Sabado, Agosto 16, 2014

Turning Point: Real or Imagined?

For sure, there had been times in our lives that seem to be that start of something new... a change of some sort...

That may be a REAL turning point or you just felt that something had changed... In short, it may be real or just in your state of mind... 

(*I'm sorry for this unorganized train of thought but I'm just typing these on a whim just not to forget and waste them if I went and organized them first hehehe...)

As for me, I think that a combination of a real and imagined turning-point happened recently... as in just over a week ago... August 8, 2014.

I was on leave from work because I had to process the steps to get my driver's license when I met this cute and friendly girl and started to talk for a very long time about this thing and that... so naturally, as if we're already old friends... and we really hit it. And as that long day progressed I did what I honestly, even at my embarrassingly advanced age for these things (31), have not done before... ask for the girl's number! (and now you're thinking I'm a dork haha)

It's because I did think we'll... how would I say it?... Take off...

So, after consulting my best buddy from college about what to do (by cellphone), I sent a text message to her that night... but just after a few messages she didn't respond anymore (I honestly don't know why)... And that would have disappointing for me, right?

But it wasn't hehehe...

Well, I just treated that thing in a positive light... I didn't mind the negative side (the girl not responding), but the positive one... the gradual return of my confidence...

You see, a month before - early July - after numerous attempts, I finally told everything to this girl at work I really, really liked and been hoping for since last year... (see this blog's entry #2). And she said no... I might have told her it's okay afterwards, but hey of course it's not hehehe... And I was feeling so down but not showing it of course and also, things are not doing well in general this year for me... 
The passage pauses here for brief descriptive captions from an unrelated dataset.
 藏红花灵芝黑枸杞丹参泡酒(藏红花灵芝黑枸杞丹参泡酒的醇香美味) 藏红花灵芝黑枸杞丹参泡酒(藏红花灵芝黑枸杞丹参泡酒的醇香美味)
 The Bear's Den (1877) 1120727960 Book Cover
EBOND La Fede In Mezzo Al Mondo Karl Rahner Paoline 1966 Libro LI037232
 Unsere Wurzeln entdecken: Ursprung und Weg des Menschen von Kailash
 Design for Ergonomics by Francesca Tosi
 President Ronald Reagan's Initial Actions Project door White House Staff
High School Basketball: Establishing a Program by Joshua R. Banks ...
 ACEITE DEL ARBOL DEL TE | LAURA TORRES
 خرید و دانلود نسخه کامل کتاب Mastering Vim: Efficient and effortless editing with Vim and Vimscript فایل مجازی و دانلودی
But after 08-08-14, I suddenly treated things more positively, and may I be imagining this or not, things are gradually doing better...
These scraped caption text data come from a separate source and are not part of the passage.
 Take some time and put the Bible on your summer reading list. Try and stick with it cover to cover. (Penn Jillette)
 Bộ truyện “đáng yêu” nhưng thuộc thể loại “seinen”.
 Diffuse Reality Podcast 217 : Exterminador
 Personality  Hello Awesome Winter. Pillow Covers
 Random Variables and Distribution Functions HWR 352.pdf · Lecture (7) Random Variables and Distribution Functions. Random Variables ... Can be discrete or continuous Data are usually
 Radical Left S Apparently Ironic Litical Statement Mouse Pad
It seems as the incident we're talking about here so far was the kick I needed to go back to the game.

Also... again, on that date, also during the 'driving license day', I also got to talk to another license applicant (a dude this time), who I learned, is a young teacher teaching at my old high school. I suddenly reminisced as I asked him if some of the teachers I knew were still there... and there are still, according to him. I also, since he's a new teacher there, gave him some descriptions of the campus when I was studying there (1995-1999), as the campus had physically changed a LOT. He, in turn, gave me information about the new things there.

Suddenly, I wanted to visit... and maybe I'll be searching their website for any occasion there that I might get involved with... 

And why I am so suddenly psyched about visiting my old high school? Maybe... again, I'm feeling this positive vibe... as if something good will happen if I did...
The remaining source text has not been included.